ADULTS NEED TO GROW UP

HYPOCRISY IS REAL

Ava Julian

Adults are constantly telling us to make choices that they don’t make themselves.

Ayma Malik, Opinion, A&E Editor

“Act your age” is something adults, especially our parents, are always telling us. We’re told to “stop being childish,” “handle our problems maturely,” and to “respect others.” But despite drilling these ideals into our heads, adults don’t always practice what they preach. 

Take the adults who berate fast food workers on TikTok for example. The adults who start yelling at servers for getting their orders wrong, and then record it and post it for millions to see. As an adult with children, or mortgages, or six-digit incomes of their own, snapping at young workers for a slight inconvenience is embarrassing and immature. I haven’t worked fast food specifically, but I have worked at a cafe and smoothie place as a barista. At both places, I’ve had customers have full meltdowns over mistakes that I didn’t even make.

At the smoothie place, I was often the only person working, (other than the manager who literally would stay in the break room all day). On multiple occasions, I was making smoothies for the customers inside, while punching in orders for the people in the drive-thru. It was easy to mix up orders, considering I would be making multiple orders at the same time.
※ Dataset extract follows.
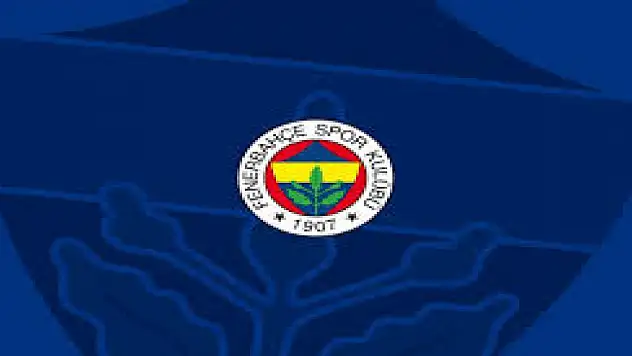Fenerbahçe Kendi Evinde İlk Yarıyı 1-0 Önde Kapattı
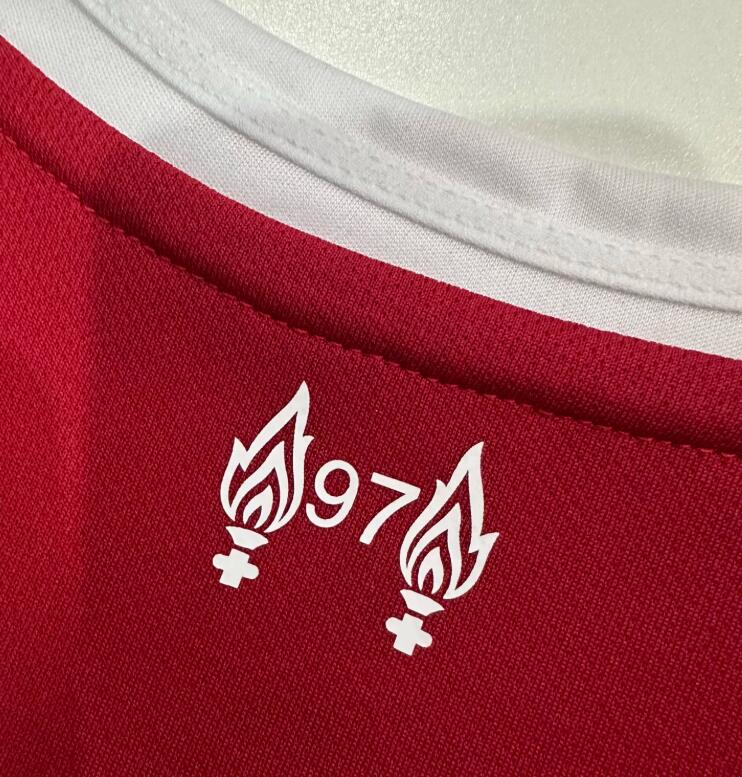 Liverpool 25/26 - Home Kit (Fan)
One time, a woman from the drive-thru came inside and started yelling at me for giving her the wrong order. I understand getting upset, but she was borderline screaming at me.I was very obviously also the only person working, and I was also making two drinks when she started screaming at me, and all it did was infuriate me. I understand being upset over the drink, but I was clearly swamped and screaming at me, threatening to “get me fired,” is not helping either of us. For me to be the one behaving maturely in that situation was difficult for me to comprehend.

When you point out that an adult is behaving hypocritically, especially parents, they’re quick to reprimand the child or teen for being “disrespectful” or say they can behave how they want because they are older, more mature. How does that portray them as a person? When you behave exactly how you tell me not to behave, and then refuse to acknowledge your hypocrisy, it simply makes me lose respect for you. You become someone that I use as a guideline on how NOT to act, both currently and in the future once I’m an actual adult.

I, admittedly, have a lot of negative traits, and most of them are apparent and known to the people I care about. Those traits are also the ones I try to keep my younger brother from developing. It does make me feel hypocritical sometimes, because I’ll act a certain way and then go and tell him to never act that way. But I think what makes my actions different is that I can acknowledge how I display hypocrisy. I’m not defending my behavior, but I’m also not denying it. 

While I can personally distinguish between how to act and how not to, if generation after generation keeps being hypocritical like this, behaviors will never change. Doing what you know is wrong, refusing to acknowledge its wrong, and then trying to stop other people from doing it will make absolutely no difference in the world. Again, adults don’t have to be perfect all the time, but they do need to be honest. Admitting to and correcting your mistakes should be what maturity is all about, not hypocrisy and feeling superior to those younger than you.